## WHAT NEEDS TO BE DONE
Retype exactly the stretch of lines that begins at the line containing "Cornrow Updo With" and ends at the last line of the data, with no other lines.

## THE RECORDS
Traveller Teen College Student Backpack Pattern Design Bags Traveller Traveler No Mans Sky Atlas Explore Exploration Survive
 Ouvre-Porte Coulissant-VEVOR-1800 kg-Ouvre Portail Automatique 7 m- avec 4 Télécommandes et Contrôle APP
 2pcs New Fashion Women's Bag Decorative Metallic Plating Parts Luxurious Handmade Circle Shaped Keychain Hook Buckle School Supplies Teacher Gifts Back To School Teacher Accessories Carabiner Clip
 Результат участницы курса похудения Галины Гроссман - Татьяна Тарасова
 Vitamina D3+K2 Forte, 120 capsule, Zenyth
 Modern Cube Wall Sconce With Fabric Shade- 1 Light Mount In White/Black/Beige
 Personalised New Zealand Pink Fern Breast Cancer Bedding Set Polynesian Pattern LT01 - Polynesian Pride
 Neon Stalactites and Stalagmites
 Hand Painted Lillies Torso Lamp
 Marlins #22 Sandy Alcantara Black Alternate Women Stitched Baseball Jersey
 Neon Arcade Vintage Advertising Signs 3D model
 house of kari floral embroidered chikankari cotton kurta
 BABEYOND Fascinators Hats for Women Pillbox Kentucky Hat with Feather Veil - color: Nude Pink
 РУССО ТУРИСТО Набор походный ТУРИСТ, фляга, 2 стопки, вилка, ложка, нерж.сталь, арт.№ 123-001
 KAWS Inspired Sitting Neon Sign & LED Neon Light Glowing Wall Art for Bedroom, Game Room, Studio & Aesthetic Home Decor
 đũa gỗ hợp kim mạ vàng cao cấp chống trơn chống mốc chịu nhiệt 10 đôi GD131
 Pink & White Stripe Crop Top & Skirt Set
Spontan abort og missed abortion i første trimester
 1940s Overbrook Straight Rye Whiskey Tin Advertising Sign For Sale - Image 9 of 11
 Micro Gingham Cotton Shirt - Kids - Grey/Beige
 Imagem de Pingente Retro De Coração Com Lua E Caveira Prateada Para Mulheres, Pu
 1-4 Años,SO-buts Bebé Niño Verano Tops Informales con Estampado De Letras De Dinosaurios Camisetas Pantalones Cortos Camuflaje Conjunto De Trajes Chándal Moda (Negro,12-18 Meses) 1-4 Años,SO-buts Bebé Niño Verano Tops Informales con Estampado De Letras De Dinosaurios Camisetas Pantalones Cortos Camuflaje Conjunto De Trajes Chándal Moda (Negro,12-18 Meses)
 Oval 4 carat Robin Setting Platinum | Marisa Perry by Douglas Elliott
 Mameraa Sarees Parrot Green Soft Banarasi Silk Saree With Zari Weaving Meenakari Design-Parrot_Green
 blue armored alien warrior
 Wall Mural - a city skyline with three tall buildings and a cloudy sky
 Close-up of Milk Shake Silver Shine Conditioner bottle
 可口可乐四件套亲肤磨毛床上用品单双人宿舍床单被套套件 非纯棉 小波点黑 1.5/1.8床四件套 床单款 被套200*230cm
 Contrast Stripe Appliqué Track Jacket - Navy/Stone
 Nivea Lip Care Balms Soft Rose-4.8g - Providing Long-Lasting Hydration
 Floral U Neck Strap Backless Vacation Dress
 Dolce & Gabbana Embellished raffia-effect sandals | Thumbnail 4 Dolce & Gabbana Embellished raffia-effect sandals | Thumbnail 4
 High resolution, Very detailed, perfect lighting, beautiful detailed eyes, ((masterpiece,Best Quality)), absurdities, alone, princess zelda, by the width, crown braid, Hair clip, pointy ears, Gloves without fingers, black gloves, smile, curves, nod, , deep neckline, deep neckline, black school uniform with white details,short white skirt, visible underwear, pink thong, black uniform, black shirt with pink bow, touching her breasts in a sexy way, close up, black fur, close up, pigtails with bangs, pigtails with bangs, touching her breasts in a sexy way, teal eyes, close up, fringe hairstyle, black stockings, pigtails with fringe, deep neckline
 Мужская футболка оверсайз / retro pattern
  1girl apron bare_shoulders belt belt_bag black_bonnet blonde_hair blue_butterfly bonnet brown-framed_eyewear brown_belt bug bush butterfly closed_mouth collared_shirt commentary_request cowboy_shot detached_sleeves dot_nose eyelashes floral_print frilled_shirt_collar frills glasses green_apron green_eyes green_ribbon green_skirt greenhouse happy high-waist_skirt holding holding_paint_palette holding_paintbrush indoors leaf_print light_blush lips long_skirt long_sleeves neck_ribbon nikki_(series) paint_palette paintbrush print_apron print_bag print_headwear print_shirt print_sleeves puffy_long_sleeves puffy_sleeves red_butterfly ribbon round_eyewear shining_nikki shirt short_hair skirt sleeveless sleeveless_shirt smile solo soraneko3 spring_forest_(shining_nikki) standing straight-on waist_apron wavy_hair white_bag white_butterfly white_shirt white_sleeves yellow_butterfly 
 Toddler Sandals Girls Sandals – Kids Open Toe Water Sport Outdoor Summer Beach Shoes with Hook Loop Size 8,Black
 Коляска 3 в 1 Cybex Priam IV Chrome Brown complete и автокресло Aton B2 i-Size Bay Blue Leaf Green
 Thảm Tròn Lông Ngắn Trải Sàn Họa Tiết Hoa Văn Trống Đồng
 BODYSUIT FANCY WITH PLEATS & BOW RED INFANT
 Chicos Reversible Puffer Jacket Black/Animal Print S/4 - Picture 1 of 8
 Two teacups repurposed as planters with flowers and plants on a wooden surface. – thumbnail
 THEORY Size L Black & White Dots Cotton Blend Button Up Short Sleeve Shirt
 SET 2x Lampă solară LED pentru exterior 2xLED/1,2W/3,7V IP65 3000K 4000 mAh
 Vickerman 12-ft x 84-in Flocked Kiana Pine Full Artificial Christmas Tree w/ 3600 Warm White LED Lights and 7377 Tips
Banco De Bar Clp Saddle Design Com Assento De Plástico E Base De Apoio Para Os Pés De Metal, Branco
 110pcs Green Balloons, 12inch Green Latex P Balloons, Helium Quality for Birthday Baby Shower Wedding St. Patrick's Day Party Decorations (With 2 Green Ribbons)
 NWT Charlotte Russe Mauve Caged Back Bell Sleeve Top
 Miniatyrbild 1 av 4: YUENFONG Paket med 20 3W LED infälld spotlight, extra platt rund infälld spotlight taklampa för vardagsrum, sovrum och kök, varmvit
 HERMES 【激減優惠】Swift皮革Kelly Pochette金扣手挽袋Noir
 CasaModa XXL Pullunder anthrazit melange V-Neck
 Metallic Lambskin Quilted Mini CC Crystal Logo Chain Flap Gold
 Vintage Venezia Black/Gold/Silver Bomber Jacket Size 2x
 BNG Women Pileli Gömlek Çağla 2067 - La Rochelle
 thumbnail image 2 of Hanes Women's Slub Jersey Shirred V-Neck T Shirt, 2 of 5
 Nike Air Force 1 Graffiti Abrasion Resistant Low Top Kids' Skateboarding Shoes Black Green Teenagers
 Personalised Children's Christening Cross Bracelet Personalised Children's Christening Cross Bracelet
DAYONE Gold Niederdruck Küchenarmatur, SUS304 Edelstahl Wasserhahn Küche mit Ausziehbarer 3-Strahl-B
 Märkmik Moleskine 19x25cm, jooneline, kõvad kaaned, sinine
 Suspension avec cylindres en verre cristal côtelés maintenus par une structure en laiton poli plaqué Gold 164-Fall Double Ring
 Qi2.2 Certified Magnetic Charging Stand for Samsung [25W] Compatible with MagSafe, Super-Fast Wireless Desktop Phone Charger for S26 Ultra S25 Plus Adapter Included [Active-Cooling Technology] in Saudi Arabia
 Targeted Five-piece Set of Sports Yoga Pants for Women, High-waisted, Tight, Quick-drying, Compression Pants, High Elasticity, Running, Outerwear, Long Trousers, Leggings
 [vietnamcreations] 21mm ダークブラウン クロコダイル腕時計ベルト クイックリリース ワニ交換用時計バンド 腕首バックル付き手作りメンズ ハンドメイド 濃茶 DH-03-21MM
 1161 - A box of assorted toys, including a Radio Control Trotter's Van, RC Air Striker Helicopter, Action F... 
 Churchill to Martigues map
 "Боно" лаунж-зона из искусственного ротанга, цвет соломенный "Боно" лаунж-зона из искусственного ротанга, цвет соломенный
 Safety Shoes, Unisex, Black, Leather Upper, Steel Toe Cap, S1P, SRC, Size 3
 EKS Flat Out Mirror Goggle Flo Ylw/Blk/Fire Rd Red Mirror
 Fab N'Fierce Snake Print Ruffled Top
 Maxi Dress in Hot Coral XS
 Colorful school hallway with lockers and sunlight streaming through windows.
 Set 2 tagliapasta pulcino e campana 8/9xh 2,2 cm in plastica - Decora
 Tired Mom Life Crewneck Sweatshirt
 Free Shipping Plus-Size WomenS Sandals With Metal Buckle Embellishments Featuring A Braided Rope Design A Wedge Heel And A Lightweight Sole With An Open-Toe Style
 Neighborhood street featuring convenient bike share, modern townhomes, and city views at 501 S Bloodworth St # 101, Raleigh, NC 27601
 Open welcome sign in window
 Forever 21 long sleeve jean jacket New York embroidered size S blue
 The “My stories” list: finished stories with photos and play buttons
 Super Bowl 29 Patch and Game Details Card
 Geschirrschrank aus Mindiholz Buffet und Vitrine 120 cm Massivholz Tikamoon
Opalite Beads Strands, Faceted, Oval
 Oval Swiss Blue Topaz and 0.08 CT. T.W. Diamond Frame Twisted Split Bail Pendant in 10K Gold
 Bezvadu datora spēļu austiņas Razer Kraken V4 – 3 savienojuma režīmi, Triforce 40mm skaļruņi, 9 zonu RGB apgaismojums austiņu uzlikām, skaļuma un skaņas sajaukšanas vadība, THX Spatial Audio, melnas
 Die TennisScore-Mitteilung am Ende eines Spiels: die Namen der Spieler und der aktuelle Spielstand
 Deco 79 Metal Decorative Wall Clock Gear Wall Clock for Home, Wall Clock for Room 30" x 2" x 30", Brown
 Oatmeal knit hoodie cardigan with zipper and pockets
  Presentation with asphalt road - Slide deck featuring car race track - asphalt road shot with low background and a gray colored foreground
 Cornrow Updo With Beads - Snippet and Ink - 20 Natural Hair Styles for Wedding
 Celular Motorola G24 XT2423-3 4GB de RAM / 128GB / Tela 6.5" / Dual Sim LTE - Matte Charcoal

## RESPONSE AREA
 Cornrow Updo With Beads - Snippet and Ink - 20 Natural Hair Styles for Wedding
 Celular Motorola G24 XT2423-3 4GB de RAM / 128GB / Tela 6.5" / Dual Sim LTE - Matte Charcoal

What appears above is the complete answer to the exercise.